Task:
Reproduce everything from the line that contains "Welcome back to" down to the line that contains "But how would" in the listing below, word for word and nothing more. Leave the pictures out.

Supplied information:
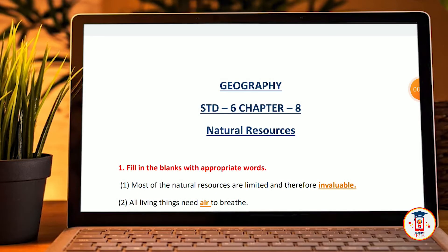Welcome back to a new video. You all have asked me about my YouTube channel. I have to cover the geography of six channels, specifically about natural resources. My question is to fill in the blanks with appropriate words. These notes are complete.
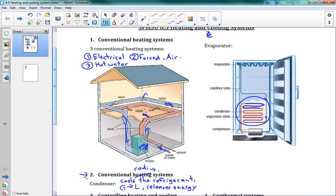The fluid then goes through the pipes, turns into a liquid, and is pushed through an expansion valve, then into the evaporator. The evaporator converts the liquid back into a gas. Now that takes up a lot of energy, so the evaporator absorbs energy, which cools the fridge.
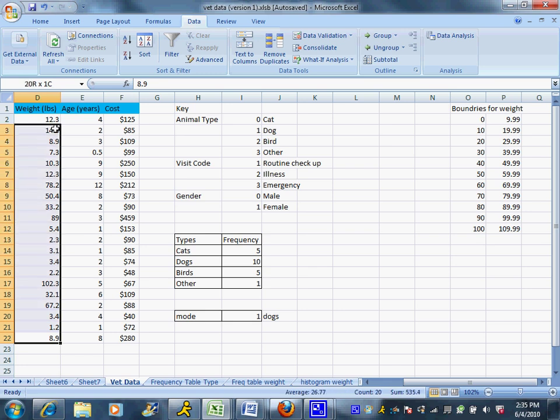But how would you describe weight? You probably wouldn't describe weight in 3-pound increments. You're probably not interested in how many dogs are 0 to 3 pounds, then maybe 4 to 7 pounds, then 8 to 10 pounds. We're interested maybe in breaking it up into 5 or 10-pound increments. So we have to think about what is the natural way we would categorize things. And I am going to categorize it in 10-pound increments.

* * *

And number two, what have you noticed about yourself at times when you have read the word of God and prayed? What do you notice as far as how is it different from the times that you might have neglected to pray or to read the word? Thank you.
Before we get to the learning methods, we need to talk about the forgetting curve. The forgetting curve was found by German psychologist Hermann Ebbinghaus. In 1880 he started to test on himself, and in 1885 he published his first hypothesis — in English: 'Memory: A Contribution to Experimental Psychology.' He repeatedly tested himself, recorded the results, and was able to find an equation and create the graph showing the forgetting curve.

...

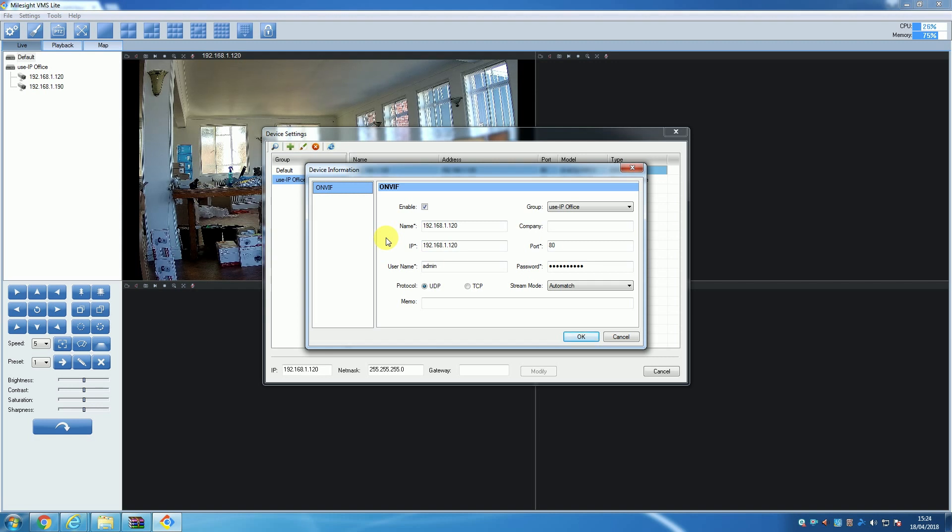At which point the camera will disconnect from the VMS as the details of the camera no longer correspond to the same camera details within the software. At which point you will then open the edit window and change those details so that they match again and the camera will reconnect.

Final answer:
Welcome back to a new video. You all have asked me about my YouTube channel. I have to cover the geography of six channels, specifically about natural resources. My question is to fill in the blanks with appropriate words. These notes are complete.
The fluid then goes through the pipes, turns into a liquid, and is pushed through an expansion valve, then into the evaporator. The evaporator converts the liquid back into a gas. Now that takes up a lot of energy, so the evaporator absorbs energy, which cools the fridge.
But how would you describe weight? You probably wouldn't describe weight in 3-pound increments. You're probably not interested in how many dogs are 0 to 3 pounds, then maybe 4 to 7 pounds, then 8 to 10 pounds. We're interested maybe in breaking it up into 5 or 10-pound increments. So we have to think about what is the natural way we would categorize things. And I am going to categorize it in 10-pound increments.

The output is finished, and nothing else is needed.